Y, en mi caso, no pude contener algunos bostezos.Mi cena con André es una obra de estructura clara y teatral: un prólogo, una cena y un epílogo. Un prólogo en el que conocemos a unos de los personajes, Wallace (Wallace Shawn), un autor teatral que sobrevive como puede a su rutinaria vida neoyorquina, vida que comparte con su pareja sentimental, Debby. Lo seguimos desde su casa, nos montamos con él en el metro y llegamos al fin hasta el restaurante donde se ha citado con su antiguo colega del teatro, André (André Gregory), un hombre que fue un reputado director de escena. Durante este paseo con Wallace, su voz en off nos ha puesto en situación sobre sus propias expectativas acerca del encuentro. Una vez en el restaurante, asistimos a casi dos horas de charla entre los antiguos colegas. La película se cierra con un epílogo algo más breve que el prólogo: el restaurante se ha quedado vacío, sólo con los dos contertulios, el mismo Wallace coge ahora un taxi y se dirige de nuevo a su rutinaria casa y a su rutinaria vida con Debby. Pero concluye: "and I told her everything about my dinner with André".

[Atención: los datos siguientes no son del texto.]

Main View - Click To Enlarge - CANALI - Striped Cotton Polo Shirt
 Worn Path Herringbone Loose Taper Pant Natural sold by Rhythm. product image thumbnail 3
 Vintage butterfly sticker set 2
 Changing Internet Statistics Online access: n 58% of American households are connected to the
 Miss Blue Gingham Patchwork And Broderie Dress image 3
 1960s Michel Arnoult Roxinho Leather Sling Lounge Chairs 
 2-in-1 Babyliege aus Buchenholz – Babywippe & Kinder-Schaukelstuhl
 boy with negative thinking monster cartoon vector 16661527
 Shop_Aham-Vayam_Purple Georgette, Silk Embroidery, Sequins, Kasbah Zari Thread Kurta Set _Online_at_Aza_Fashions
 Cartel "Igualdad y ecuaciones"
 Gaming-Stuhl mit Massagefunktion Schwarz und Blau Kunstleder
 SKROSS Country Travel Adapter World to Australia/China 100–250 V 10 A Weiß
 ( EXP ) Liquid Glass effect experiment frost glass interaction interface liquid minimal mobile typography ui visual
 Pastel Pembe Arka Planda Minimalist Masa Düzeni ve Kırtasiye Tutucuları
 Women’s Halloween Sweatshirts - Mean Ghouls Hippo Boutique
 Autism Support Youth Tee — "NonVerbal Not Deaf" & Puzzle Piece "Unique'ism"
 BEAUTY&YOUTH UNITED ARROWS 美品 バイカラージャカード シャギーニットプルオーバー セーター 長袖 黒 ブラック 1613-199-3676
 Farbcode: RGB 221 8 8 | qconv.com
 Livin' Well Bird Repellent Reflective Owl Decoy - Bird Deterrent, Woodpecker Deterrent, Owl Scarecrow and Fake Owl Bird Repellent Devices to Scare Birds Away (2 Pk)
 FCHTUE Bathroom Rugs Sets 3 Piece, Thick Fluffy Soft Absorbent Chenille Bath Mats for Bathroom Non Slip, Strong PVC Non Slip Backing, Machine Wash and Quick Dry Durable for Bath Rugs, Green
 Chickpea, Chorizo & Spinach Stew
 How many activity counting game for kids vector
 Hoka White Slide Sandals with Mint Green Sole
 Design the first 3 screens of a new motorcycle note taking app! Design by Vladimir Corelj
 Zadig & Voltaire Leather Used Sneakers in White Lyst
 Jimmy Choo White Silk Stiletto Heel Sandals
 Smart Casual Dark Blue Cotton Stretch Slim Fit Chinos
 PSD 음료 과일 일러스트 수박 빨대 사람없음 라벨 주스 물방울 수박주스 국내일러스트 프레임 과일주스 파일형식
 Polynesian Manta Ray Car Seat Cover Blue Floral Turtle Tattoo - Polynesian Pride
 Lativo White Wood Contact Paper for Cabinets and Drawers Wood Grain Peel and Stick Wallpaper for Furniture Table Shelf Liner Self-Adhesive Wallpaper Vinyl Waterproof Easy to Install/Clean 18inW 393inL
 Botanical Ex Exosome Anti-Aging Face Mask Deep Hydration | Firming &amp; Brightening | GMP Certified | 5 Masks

Claro, el interés reside en La Charla. Se preguntarán: ¿de qué han estado hablando estos dos personajes? Básicamente, como ya apuntaba, hablan del ser humano. El que toma la palabra es André. Wallace, menos al final, se limita a escuchar y a estar o no de acuerdo con el monólogo de su colega, que llega a ser muy aborrecible. Se extiende en demasía hablando sobre la vida ascética que ha llevado estos últimos años, relacionándola con su punto de vista teatral. Es un monólogo que, de no ser por los contraplanos de Malle a Wallace, podría considerarse soliloquio. Al final de éste, la conversación empieza a tomar color: abordan el existencialismo humano, ese término tan basto como etéreo: la rutina, el dinero, la muerte y la vida, la soledad, la sociedad (y sobre ella un interesante paralelismo entre los campos de concentración nazis y la ciudad de Nueva York [1]). Y a raíz de este existencialismo se perfilan los dos personajes, que devienen arquetipos quijotescos: André, el hombre apuesto, filosófico, que intenta comulgar con sus pensamientos espirituales en la práctica; y Wallace, el hombre con los pies en el suelo que sobrevive como puede a su costumbrismo, pagando a regañadientes su colección de facturas. El planteamiento es interesante, pero resulta empalagosamente filosófico. Como dice Aguilar, es un alarde filosófico-estilístico que no me acaba de convencer, con un tufillo profundo. Se empiezan temas interesantes, pero no se cierran bien o se dejan en el aire, como dando por sentado la gravedad intelectual de los mismos. No siempre, pero suele ser la tónica general.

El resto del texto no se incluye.